About 10 environmental scientists from CDFW’s Office of Spill Prevention and Response (OSPR) participated in a large-scale oil spill drill along the Feather River on March 21. The drill was intended to help wildlife response teams prepare for a potential train derailment. OSPR has a long history of oil spill response in marine environments but recently expanded its scope statewide to include inland waters. This Feather River exercise was the first time a substantial wildlife response drill has been held inland, testing responders’ abilities to resolve many operational and technical issues presented by a river spill.

Whereas marine spills typically require rescue of seabirds and occasionally marine mammals, the kinds of animals potentially affected by inland spills are quite different and varied, potentially including raptors, songbirds, reptiles, amphibians, rodents, foxes, and other mammals. The need to capture and care for these species during an oil spill presents unique challenges for scientist responders. The goal is to have the necessary protocols in place and practiced.

The drill was put on by the California Oiled Wildlife Care Network (OWCN), an organization funded by OSPR and managed by the UC Davis School of Veterinary Medicine to provide best achievable care of oiled wildlife. The OWCN currently maintains a network of 40 wildlife rehabilitation organizations, trained and ready to respond to oil spills anywhere in the state. Sixteen of these organizations participated in Tuesday’s drill, including two local organizations, Shasta Wildlife Rescue and Rehabilitation and North Valley Animal Disaster Group.
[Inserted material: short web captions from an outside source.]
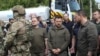 Zelenskyy visita zona inundada en Jersón por rotura de represa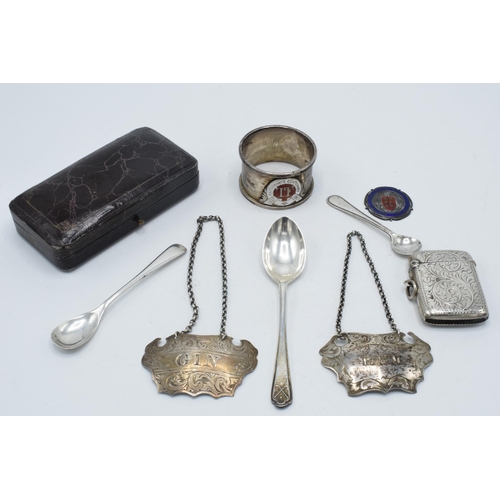 50 - A collection of silver items to include a silver vesta, Birmingham 1920, silver decanter labels for ... 
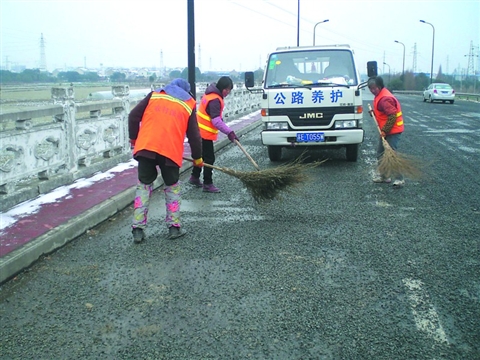 吳江:校車大半停運 數千家長措手不及(組圖) 校車大半停運 數千家長措手不及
In addition to practicing wildlife response activities, the drill provided the opportunity to test a new Geographic Response Plan (GRP) for the Feather River. GRPs identify the location and nature of resources at risk in the event of a spill, and outline appropriate tactical response strategies to minimize oiling and other injury. During a real spill, OSPR environmental scientists serve as subject-matter experts who help ensure that the GRP is implemented appropriately. A simulated situation like this one gives them a valuable opportunity to conduct a realistic ‘dry run,’ as well as to analyze elements of the GRP and make adjustments as necessary.